I took your code and converted into a complete program. It's larger than an MCVE because it has support code for shuffling arrays, and for printing results, as well as a main() that exercises these, of course.
#include <stdio.h>
#include <stdlib.h>
static int rand_int(int n)
{
int limit = RAND_MAX - RAND_MAX % n;
int rnd;
while ((rnd = rand()) >= limit)
;
return rnd % n;
}
static void shuffle(int *array, int n)
{
for (int i = n - 1; i > 0; i--)
{
int j = rand_int(i + 1);
int tmp = array[j];
array[j] = array[i];
array[i] = tmp;
}
}
static void print_array(int n, int a[n])
{
for (int i = 0; i < n; i++)
printf(" %d", a[i]);
putchar('\n');
}
static void sort(int values[], int n)
{
for (int k = 0; k < n; k++)
{
for (int j = 0; j < n; j++)
{
if (values[k] >= values[j])
{
int temp = values[k];
values[k] = values[j];
values[j] = temp;
}
}
}
}
int main(int argc, char **argv)
{
if (argc > 1)
{
long l = strtol(argv[1], 0, 0);
unsigned u = (unsigned)l;
printf("Seed: %u\n", u);
srand(u);
}
int data3[3] = { 3, 1, 2 };
print_array(3, data3);
sort(data3, 3);
print_array(3, data3);
int data5[5] = { 0, 2, 6, 1, 5, };
for (int i = 0; i < 5; i++)
{
shuffle(data5, 5);
print_array(5, data5);
sort(data5, 5);
print_array(5, data5);
}
int data9[] = { 0, 1, 2, 3, 4, 5, 6, 7, 8, 9 };
for (int i = 0; i < 9; i++)
{
shuffle(data9, 9);
print_array(9, data9);
sort(data9, 9);
print_array(9, data9);
}
return 0;
}
The shuffle code implements a Fisher-Yates shuffle, and is
based on code from an answer by Roland Illig.
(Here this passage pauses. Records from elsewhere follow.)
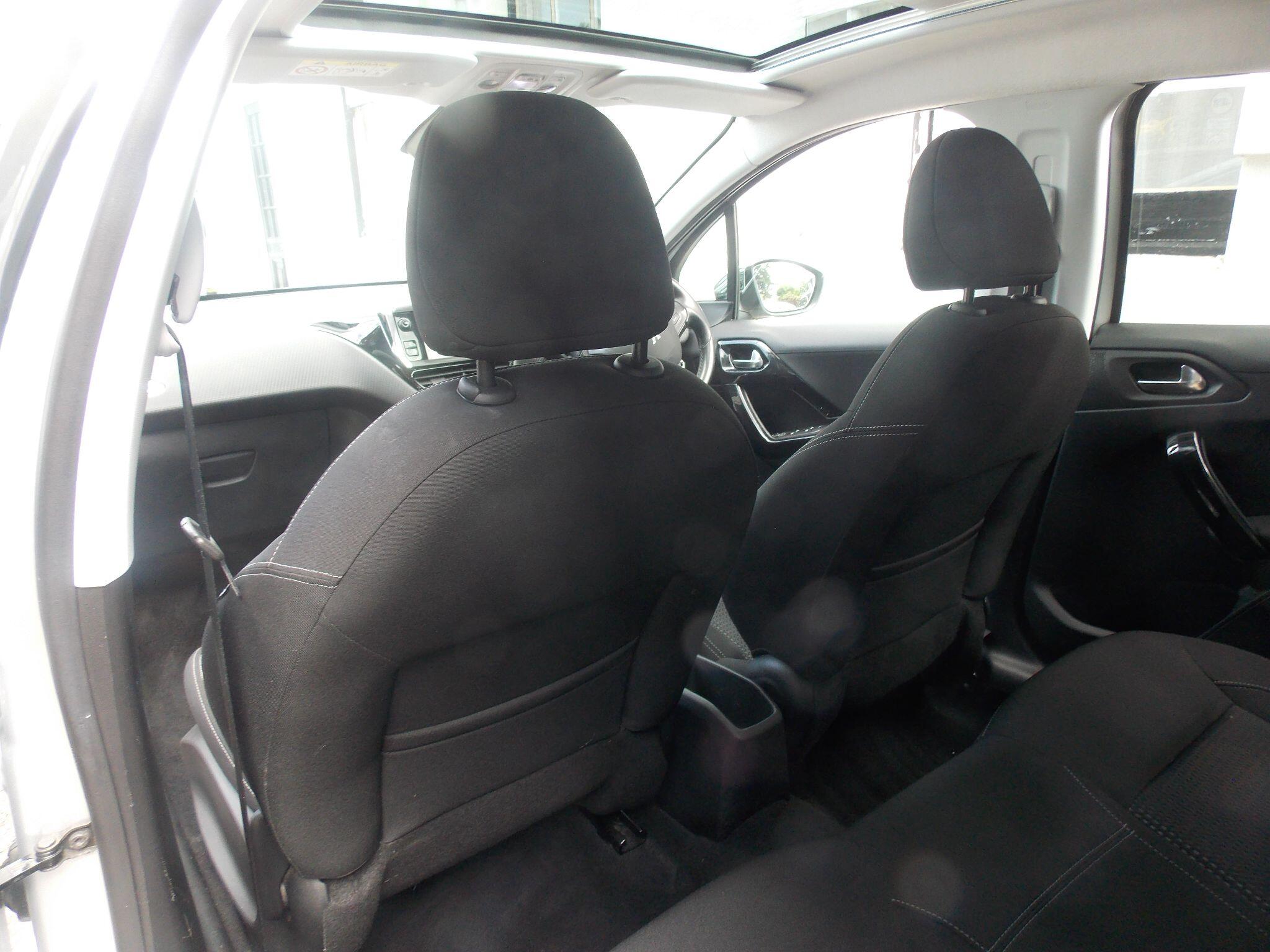 Peugeot 208 view 27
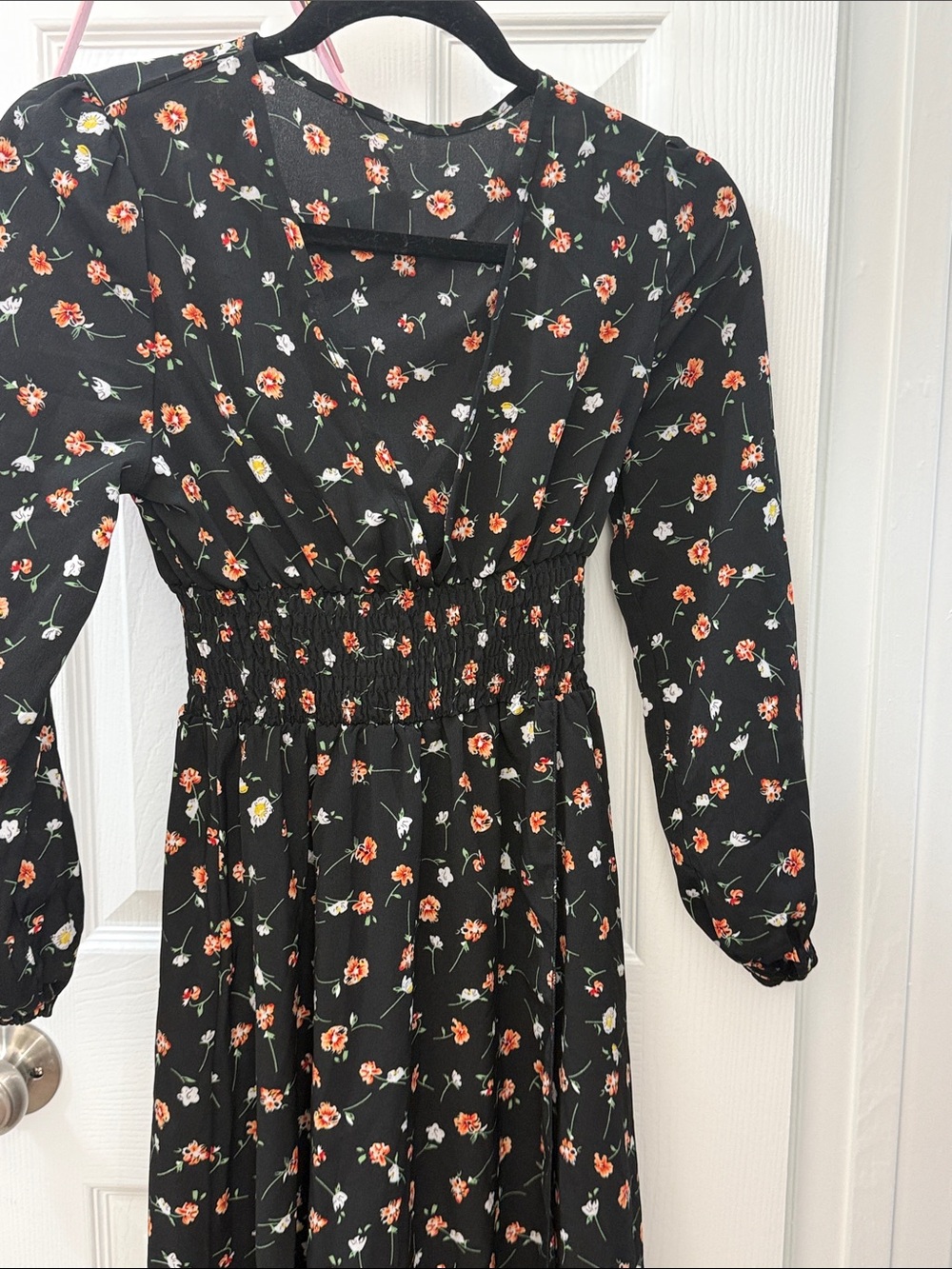 Black Floral Long-Sleeve long dress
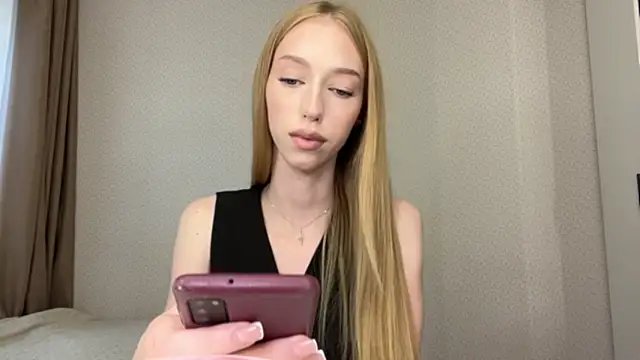 Snapshot of TraceyHowey chatting on 07/28/26, 12:48 TraceyHowey online show from 07/28/26, 12:48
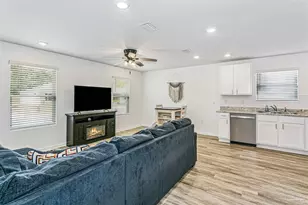 2536 Sutton Pl Dr, Cantonment, FL 32533 - Photo 4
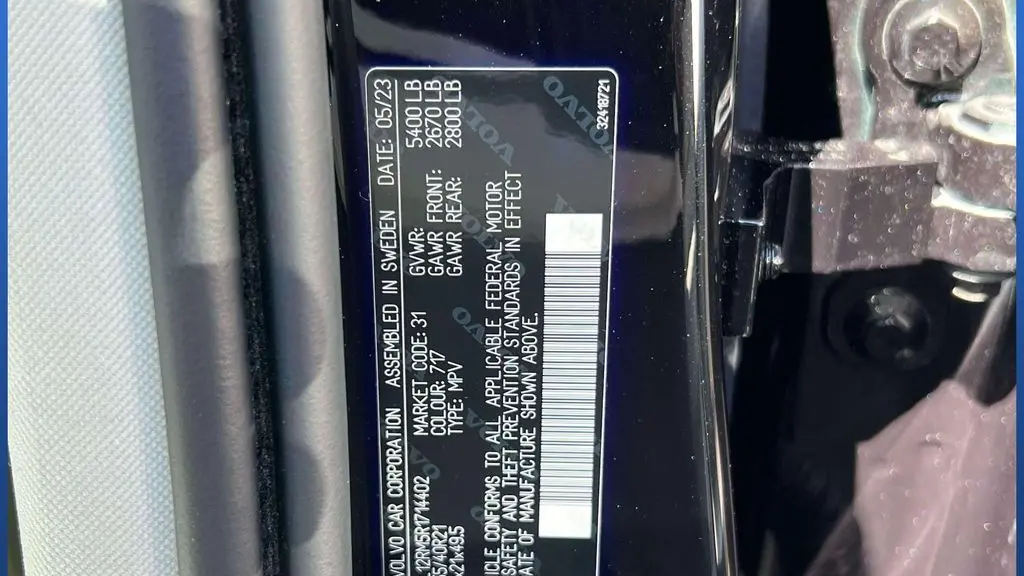 2024 Volvo XC60 B5 Ultimate Dark Theme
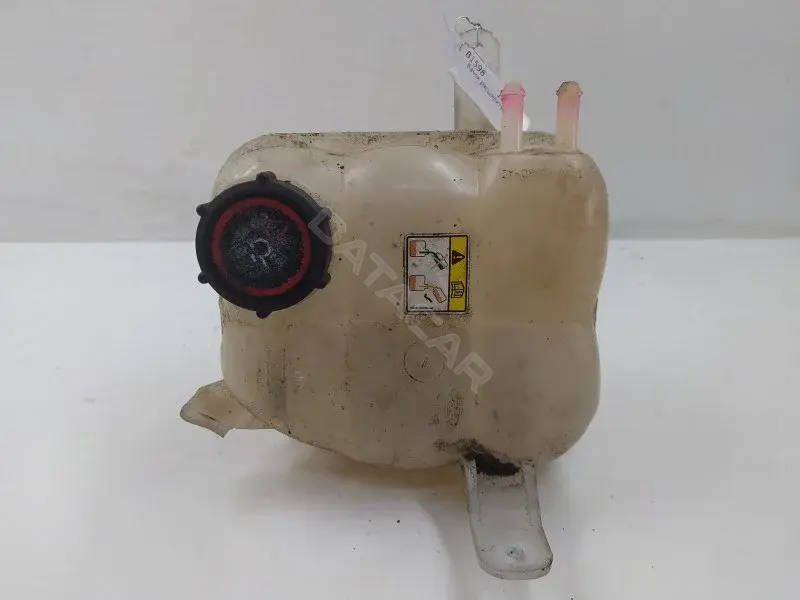 Расширительный бачок YC158A080AD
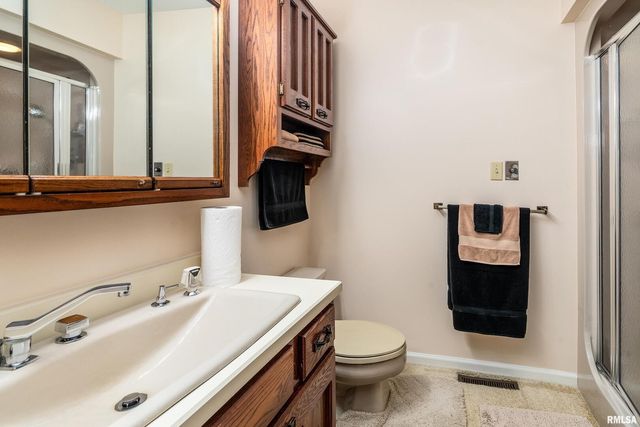 15866 Moellers Road, Marion, IL 62959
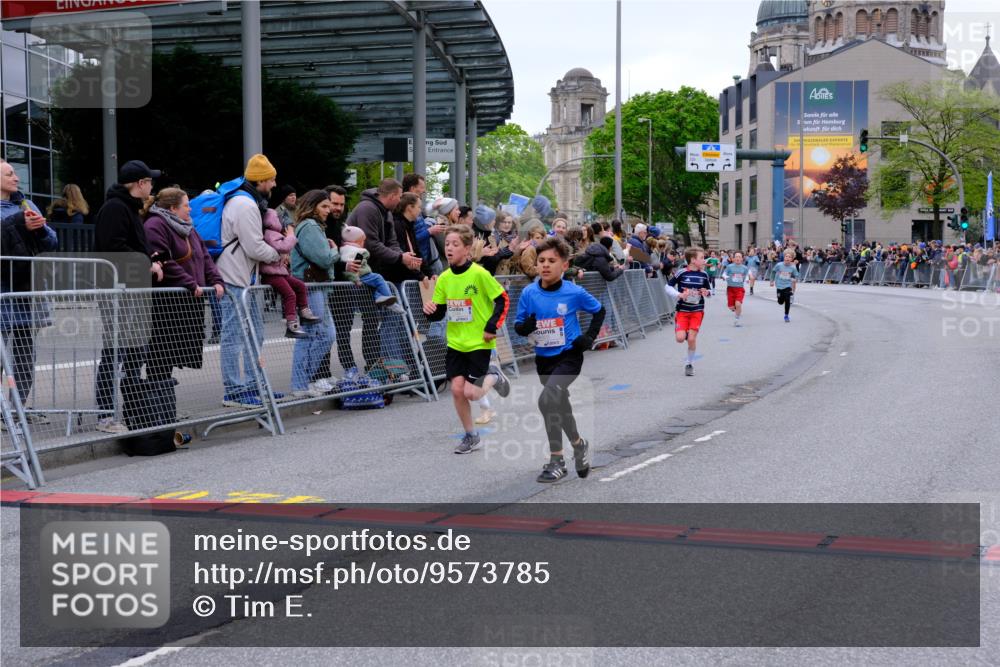 25.04.2026 - Das Zehntel Tim E. http://msf.ph/oto/9573785 25.04.2026 10:48:08 Ziel 5103, 5454, 5921, 6317, 6323, 6971, 7239, 7549, 7624, 8052, 8062 meine-sportfotos.de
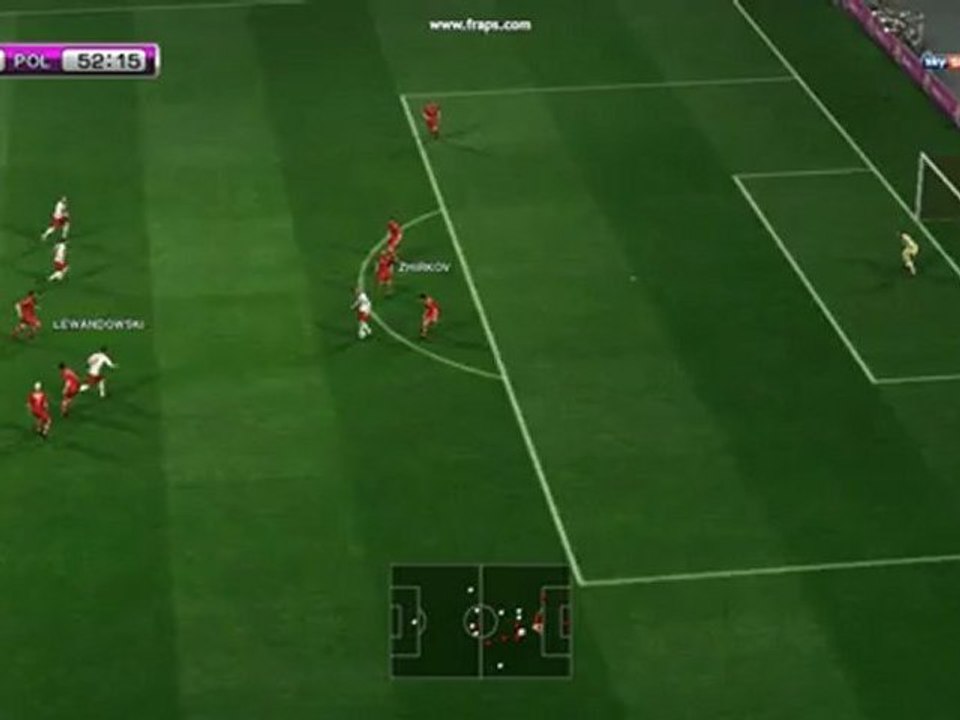 Lewandowski'nin şık şutu ve Akinfeev!
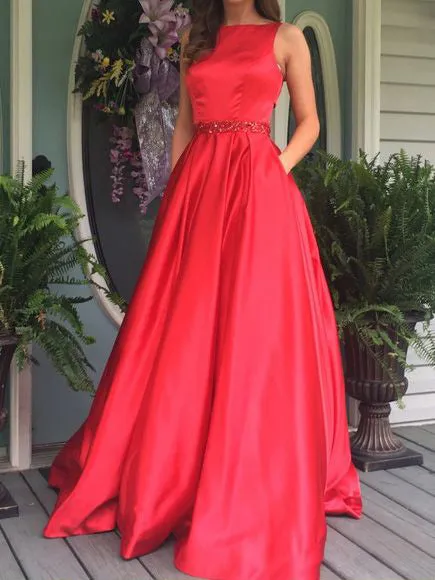 Emerald Green Satin Prom Dresses with Pockets 2019 New Arrival Long Party Gowns Beaded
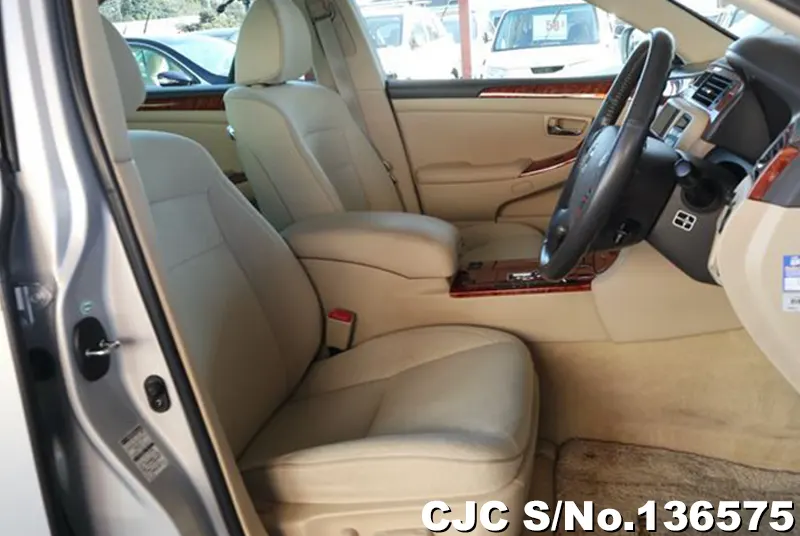 Toyota Crown in Silver for Sale Image 5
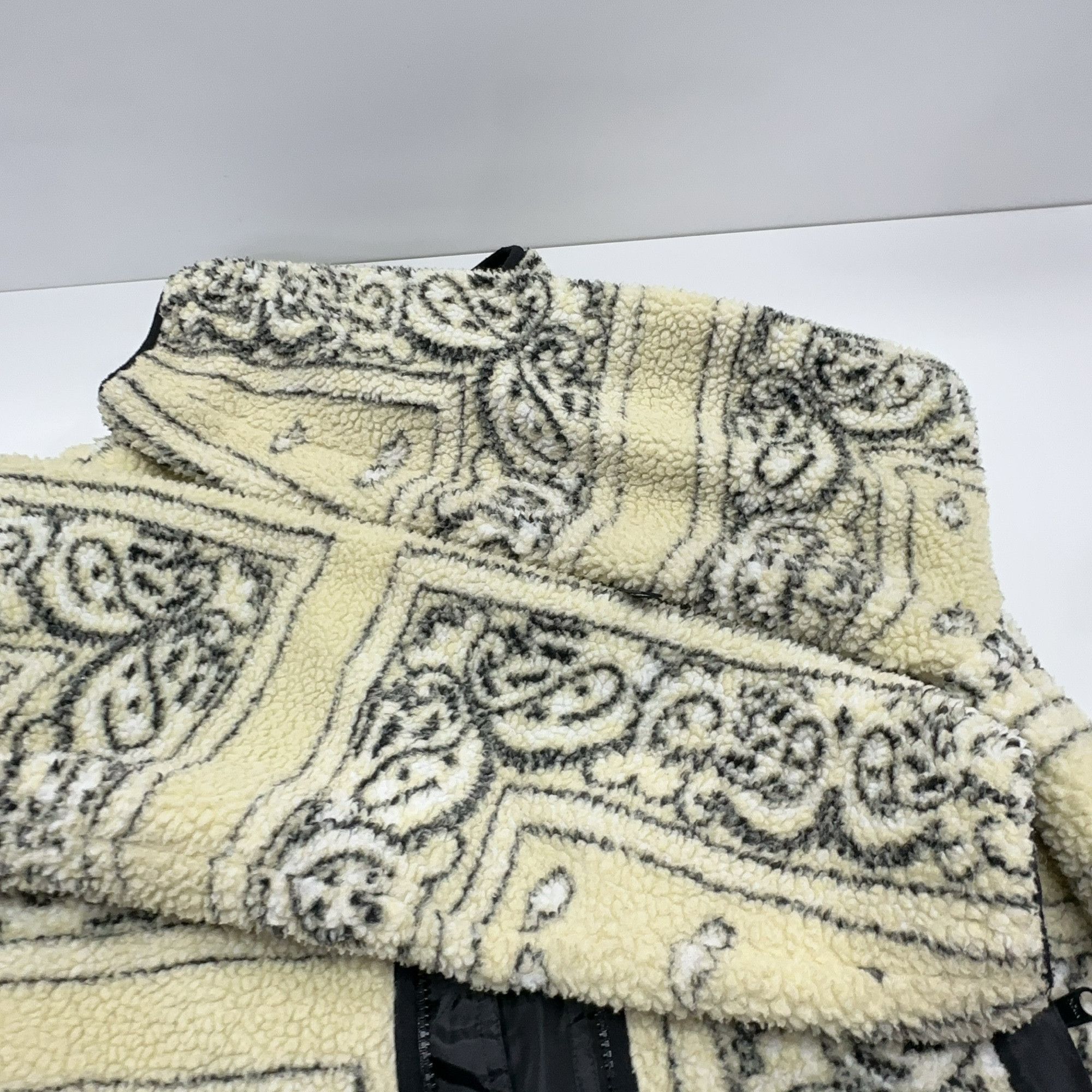 Supreme Supreme Reversible Bandana Fleece Jacket Size M Size US M / EU 48-50 / 2 - 10 Thumbnail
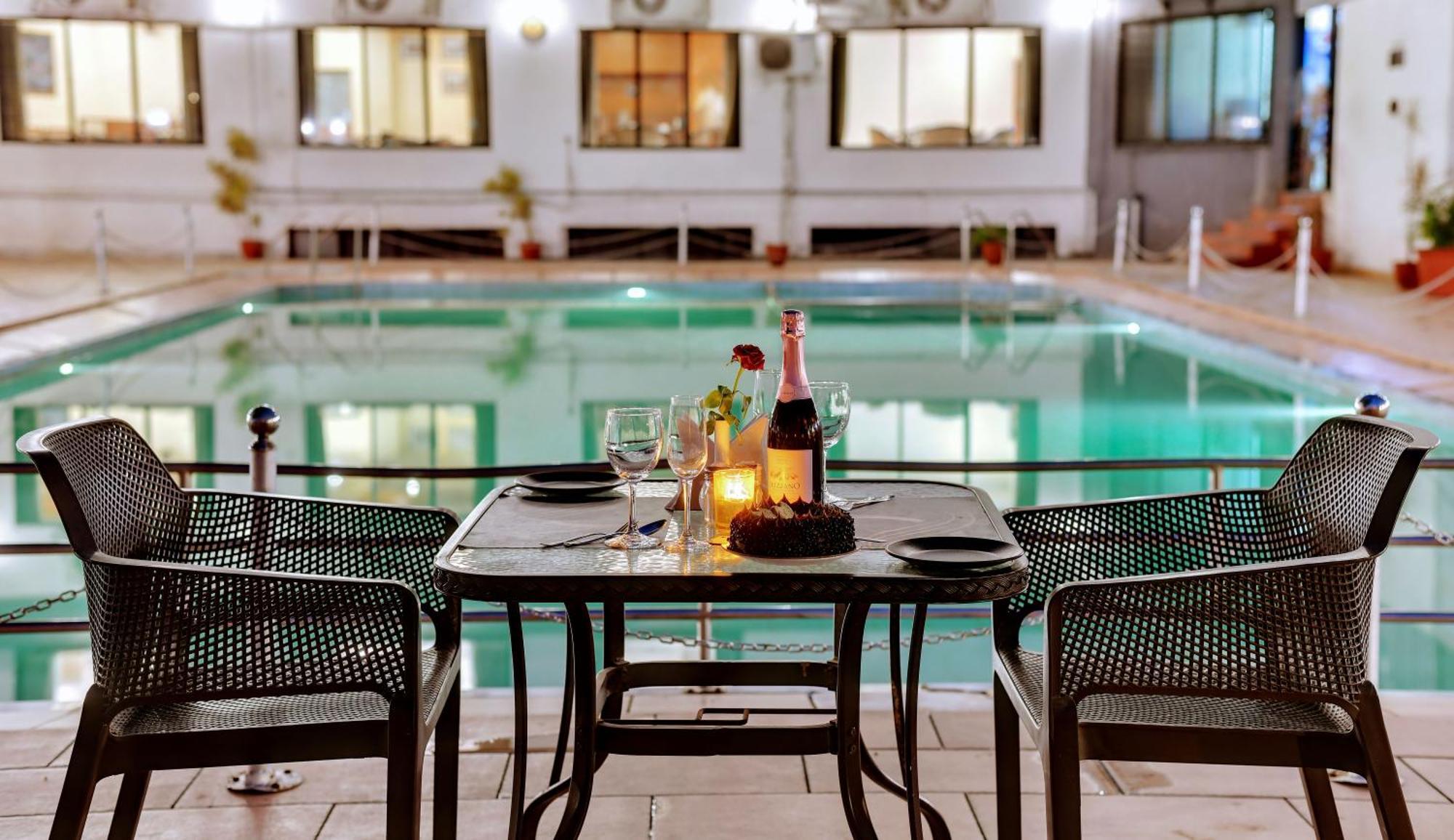 Quality Inn Regency, Нашик Екстериор снимка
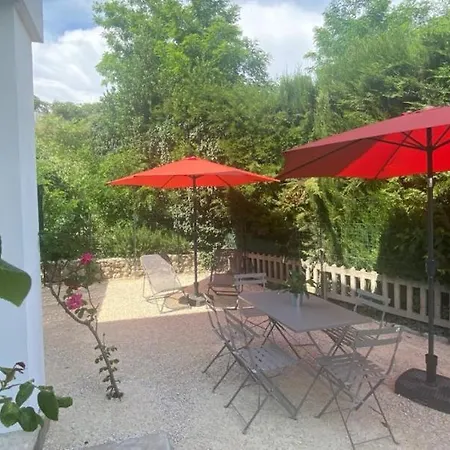 Apartment Jardin Clos: Tranquil Retreat With Private Parking Nyons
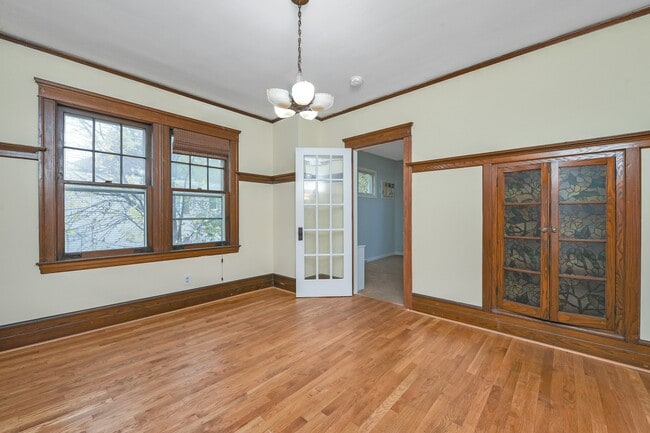 Building Photo - 195 Hillside Ave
If invoked without a seed argument, it generates the same output each time.
Code compiled and tested on macOS Sierra 10.12.1 with GCC 6.2.0.
An example output:
Seed: 123456789
3 1 2
3 2 1
6 0 1 5 2
6 5 2 1 0
0 6 1 2 5
6 5 2 1 0
0 1 2 6 5
6 5 2 1 0
5 0 6 1 2
6 5 2 1 0
1 6 5 2 0
6 5 2 1 0
0 4 8 3 7 5 1 6 2
8 7 6 5 4 3 2 1 0
7 4 0 5 6 8 3 2 1
8 7 6 5 4 3 2 1 0
1 2 7 5 0 8 3 6 4
8 7 6 5 4 3 2 1 0
3 8 7 5 2 1 0 6 4
8 7 6 5 4 3 2 1 0
1 4 2 6 3 0 7 5 8
8 7 6 5 4 3 2 1 0
2 3 7 4 8 0 5 6 1
8 7 6 5 4 3 2 1 0
3 4 5 8 6 2 0 7 1
8 7 6 5 4 3 2 1 0
3 6 7 4 8 2 5 1 0
8 7 6 5 4 3 2 1 0
0 8 7 3 4 6 5 1 2
8 7 6 5 4 3 2 1 0
This shows the data being sorted in descending order every time, despite different randomized inputs.